Mientras Borel, Guala, Rua cuidan de sus Oratorios, él rueda por las plazas y calles colindantes. Grupos de muchachos juegan a la baraja en la misma acera. Ruedan las cartas y el dinero está recogido en el centro, sobre un pañuelo.
Don Bosco mira, observa, estudia bien la situación, agarra luego con un movimiento rápido el pañuelo y, ¡zas!, pies para qué os quiero.
-Esto es un atentado.

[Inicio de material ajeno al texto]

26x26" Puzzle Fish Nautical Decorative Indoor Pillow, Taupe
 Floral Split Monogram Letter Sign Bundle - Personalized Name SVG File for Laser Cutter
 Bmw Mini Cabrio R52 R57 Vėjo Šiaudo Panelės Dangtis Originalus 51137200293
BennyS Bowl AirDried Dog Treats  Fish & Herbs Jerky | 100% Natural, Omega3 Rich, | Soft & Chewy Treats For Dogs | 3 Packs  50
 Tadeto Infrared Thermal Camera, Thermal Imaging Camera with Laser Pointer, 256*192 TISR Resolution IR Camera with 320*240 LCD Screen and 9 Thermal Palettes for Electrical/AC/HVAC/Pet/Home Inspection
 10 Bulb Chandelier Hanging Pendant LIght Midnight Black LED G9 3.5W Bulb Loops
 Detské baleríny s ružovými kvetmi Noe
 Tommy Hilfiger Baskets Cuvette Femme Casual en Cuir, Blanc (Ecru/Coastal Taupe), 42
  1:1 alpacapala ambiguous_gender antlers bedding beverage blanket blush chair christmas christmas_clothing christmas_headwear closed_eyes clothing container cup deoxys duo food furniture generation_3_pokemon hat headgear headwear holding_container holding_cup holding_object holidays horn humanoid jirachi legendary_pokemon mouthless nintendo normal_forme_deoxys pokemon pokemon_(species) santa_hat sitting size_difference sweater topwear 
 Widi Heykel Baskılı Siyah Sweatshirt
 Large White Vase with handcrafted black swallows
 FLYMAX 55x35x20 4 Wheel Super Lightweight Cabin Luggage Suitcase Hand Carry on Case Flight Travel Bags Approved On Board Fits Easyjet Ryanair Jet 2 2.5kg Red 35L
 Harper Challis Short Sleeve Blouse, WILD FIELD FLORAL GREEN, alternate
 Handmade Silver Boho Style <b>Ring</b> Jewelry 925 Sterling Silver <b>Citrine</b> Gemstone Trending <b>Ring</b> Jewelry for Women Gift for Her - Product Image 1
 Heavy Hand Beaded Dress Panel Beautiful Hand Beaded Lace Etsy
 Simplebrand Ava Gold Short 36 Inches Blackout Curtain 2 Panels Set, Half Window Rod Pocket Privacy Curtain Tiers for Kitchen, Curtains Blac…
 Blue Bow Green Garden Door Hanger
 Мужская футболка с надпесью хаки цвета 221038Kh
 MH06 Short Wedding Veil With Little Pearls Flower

Te toca a ti coger a Don Bosco –dice Buzzetti-.
El mayor de los chicos agita la baraja y arroja las cartas sobre el tablero. En realidad, ninguno de ellos, corre como el señor abate. Lo que les une a todos es, precisamente, su ineptitud. Juegan con las cartas. Las sacuden. Hacen ruido. Clac, clac, clac. Se equivocan, se ríen. Esperan.
Don Bosco ha vuelto. Capta su sorpresa. Se tira al suelo y adelanta sobre el tablero no un pañuelo, sino dos cargados de liras.
-Son vuestras. Era una broma. Es un placer contar con vosotros -confiesa.
-Seguro que va a pedirnos algo -observa Gastini.
-¿Informes sobre un tal Reviglio?
-¿O sobre un tal Bellia?
-Nada de eso, necesito que alguno de vosotros me ayude en el Oratorio.
-¿Cómo ayudarle?
-Por de pronto, empezando a estudiar. Después quien sabe.
Los cuatro se miran y aceptan.
Don Bosco retira uno de los pañuelos y apretándolo entre las manos, pone una condición:
-Os pido que seáis, en mis manos, lo mismo que este pañuelo: dóciles.
Pausa e inspiración profunda. Él los contempla sin parpadear. Ellos llevan meses interiorizando sus palabras, las palabras de Don Bosco brotan de la vida, no de la cultura y se entregan. Fueron los salesianos José Buzzetti, Santiago Bellia, Carlos Gastini y Félix Reviglio, desgarrados y callejeros y desde 1848, seguros defendidos en la casa del santo.